Here's the effect. The performer brings four people up on stage and divides them into two teams of two each.
There can be all kinds of fun picking teams (read: siblings, couples, etc.) depending on the situation. Each person is given two 3" X 5" card displaying a single letter each the two player teams stand next to each other. It is explained that the performer will give out a word and the members of each team must rearrange themselves, physically moving their hands to the proper order, to spell the word correctly. The team that spells the word first wins that round. A total of five rounds will be played.
Believe me when I tell you that this gets very competitive very quickly and the chaos that ensues is invariably hysterical. I have the audience decide which team wins each round. A fifth volunteer is used to keep track of the score using a dry erase board.
There is a lovely kicker for the final round.
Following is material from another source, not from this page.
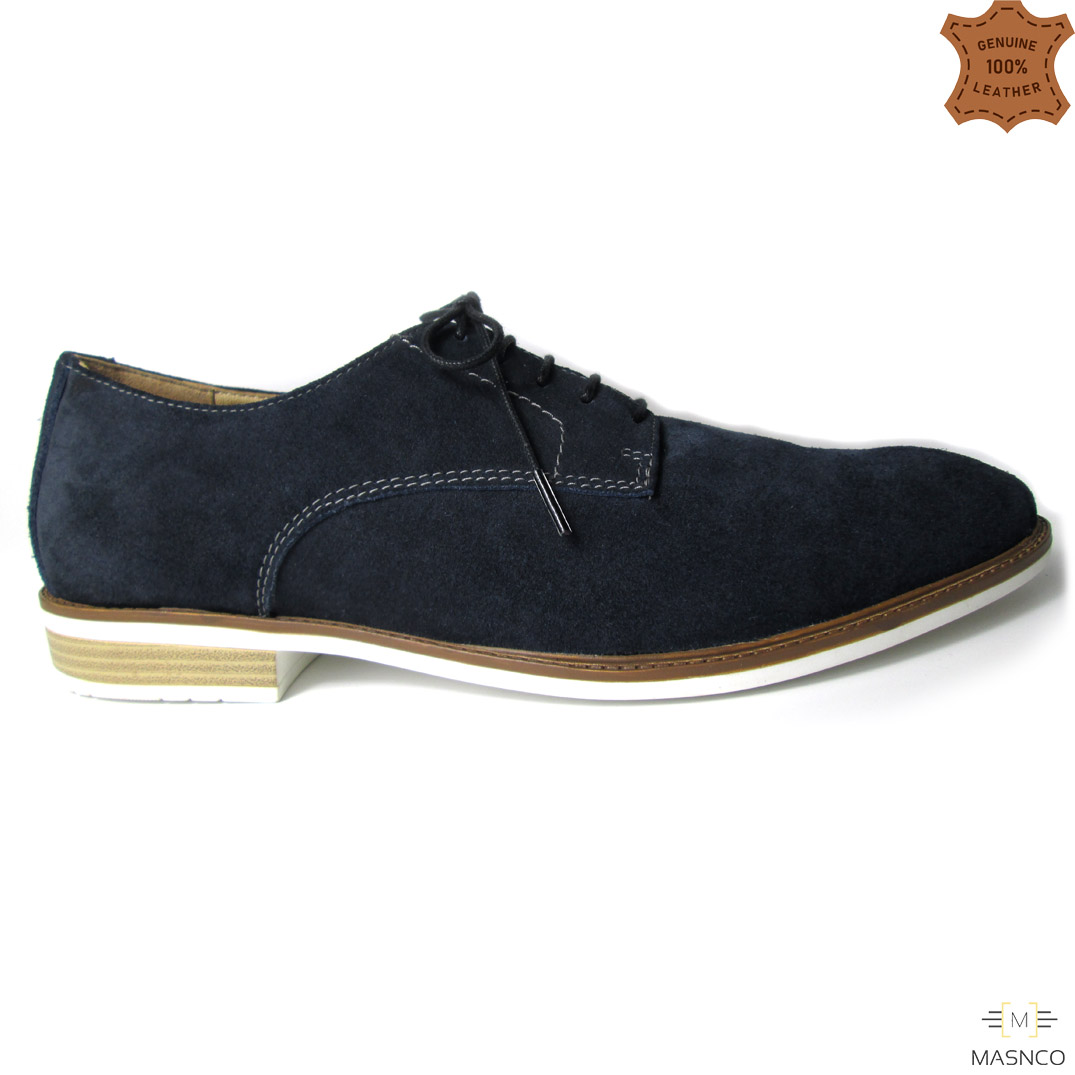 Mens Shoes Lace-ups Derby shoes for Men Brimarts Leather Lace-up Shoes in Dark Blue Blue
The letters used are 'S', 'O', 'T' and 'P'. There are several different words that can be spelled with these letters, but the final word turns out to be "DOTS". There is usually an instant freeze of the action on stage while everyone tries to figure out how to spell the word. Eventually someone does, either in the audience (who yells out the solution) or the contestants themselves. Regardless, it makes for a fine finish to this part of the routine. (If you haven't as yet figured out this ending, I will give you one hint - all of the letters are lower case. Think about it, you'll figure it out).
Once the calamity has died down it is announced what the final tally was. Let's say that Team 'A' won four times and Team 'B' won once. Both teams receive a huge round of applause. This entire time you have been standing there holding an envelope. It is opened and inside is a dry erase board with the exact tally of the wins and losses. You've cleanly predicted the outcome of total chaos! It's a killer!
The entire rig is eight letter cards (3" X 5"), two dry erase boards (4" X 6" and wafer thin) and a heavy envelope. Supply your own dry erase marker. That's it! Talk about packing flat and playing big!
All of that movement seriously fills a close-up space in every way, and as such is a boon for close up workers who want action and participation.